Exercise instructions |
Transcribe every entry word for word, but drop the pictures.

Data under study |
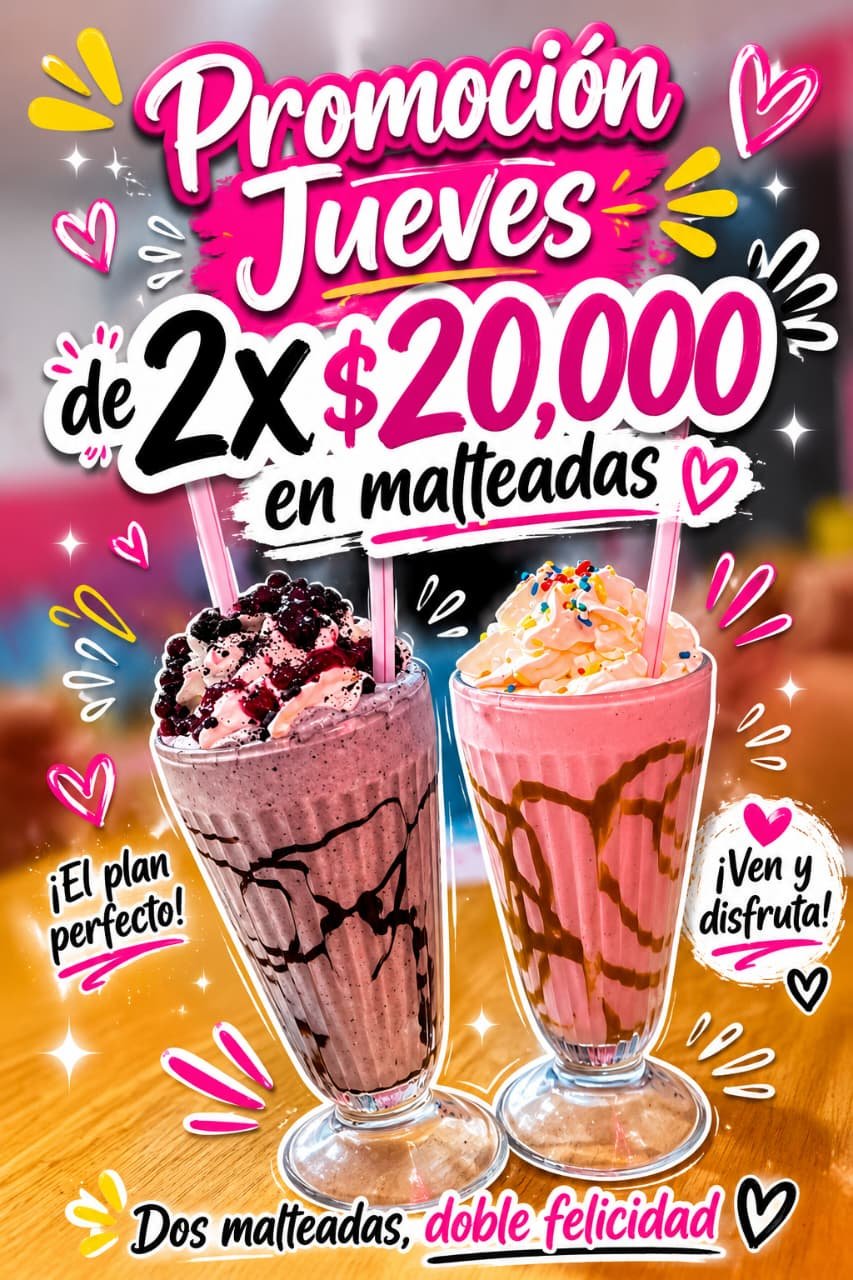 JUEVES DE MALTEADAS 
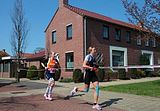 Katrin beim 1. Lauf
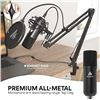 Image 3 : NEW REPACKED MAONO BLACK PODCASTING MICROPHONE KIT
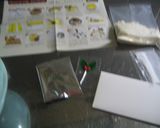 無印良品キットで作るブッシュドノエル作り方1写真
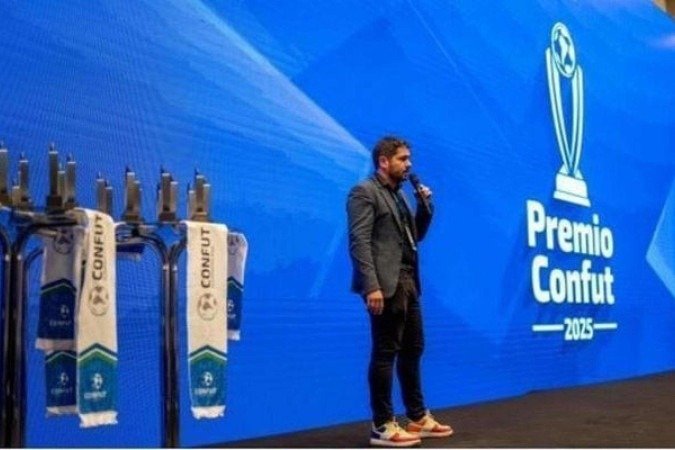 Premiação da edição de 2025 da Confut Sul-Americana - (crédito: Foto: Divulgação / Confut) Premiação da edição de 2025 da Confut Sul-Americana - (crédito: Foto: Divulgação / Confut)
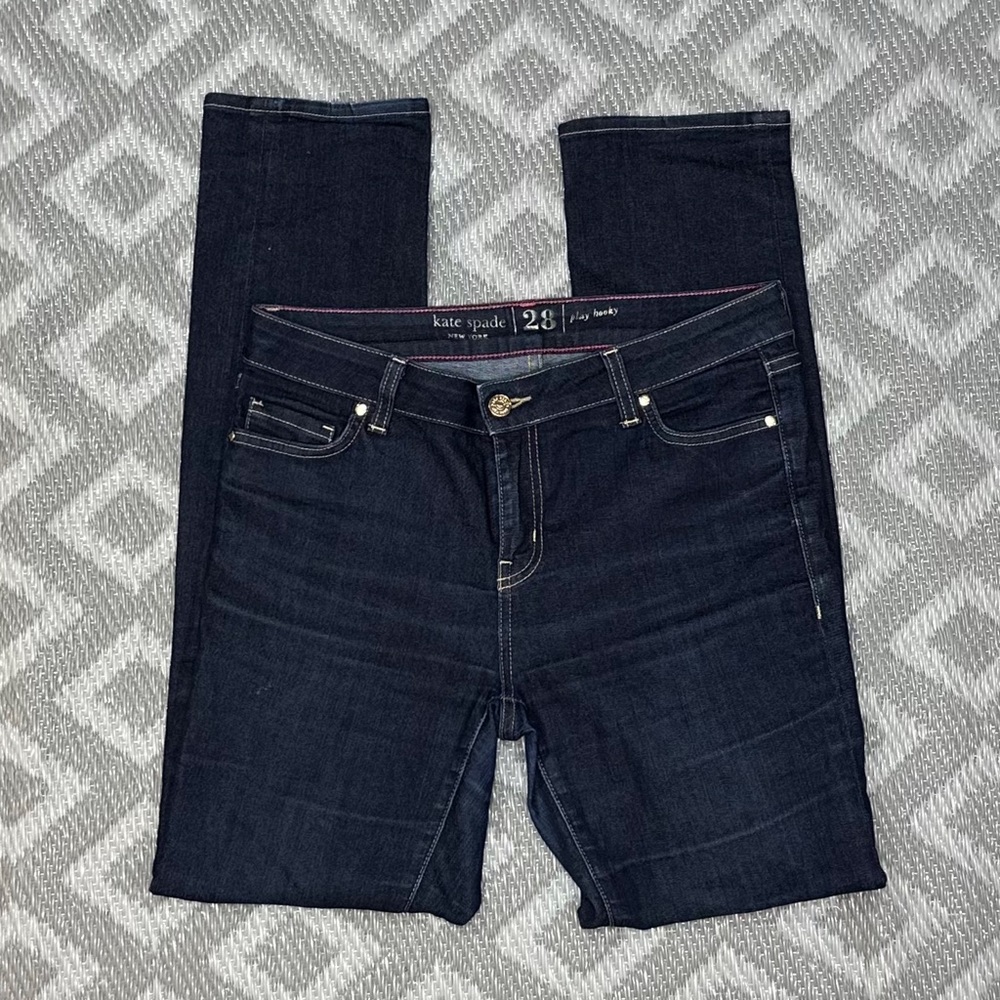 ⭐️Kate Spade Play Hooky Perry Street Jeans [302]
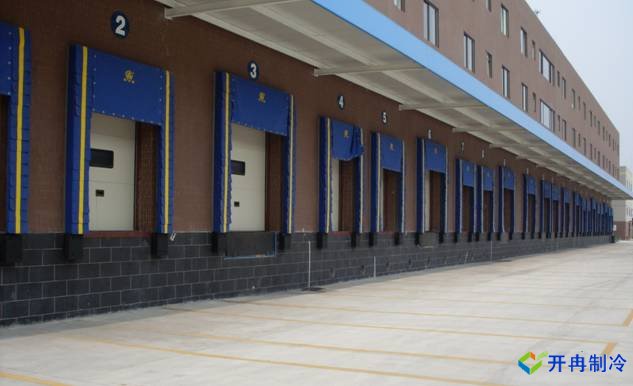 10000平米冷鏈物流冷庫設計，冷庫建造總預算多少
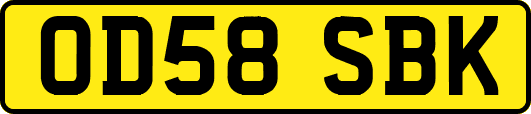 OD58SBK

Finished exercise |
 JUEVES DE MALTEADAS 
 Katrin beim 1. Lauf
 Image 3 : NEW REPACKED MAONO BLACK PODCASTING MICROPHONE KIT
 無印良品キットで作るブッシュドノエル作り方1写真
 Premiação da edição de 2025 da Confut Sul-Americana - (crédito: Foto: Divulgação / Confut) Premiação da edição de 2025 da Confut Sul-Americana - (crédito: Foto: Divulgação / Confut)
 ⭐️Kate Spade Play Hooky Perry Street Jeans [302]
 10000平米冷鏈物流冷庫設計，冷庫建造總預算多少
 OD58SBK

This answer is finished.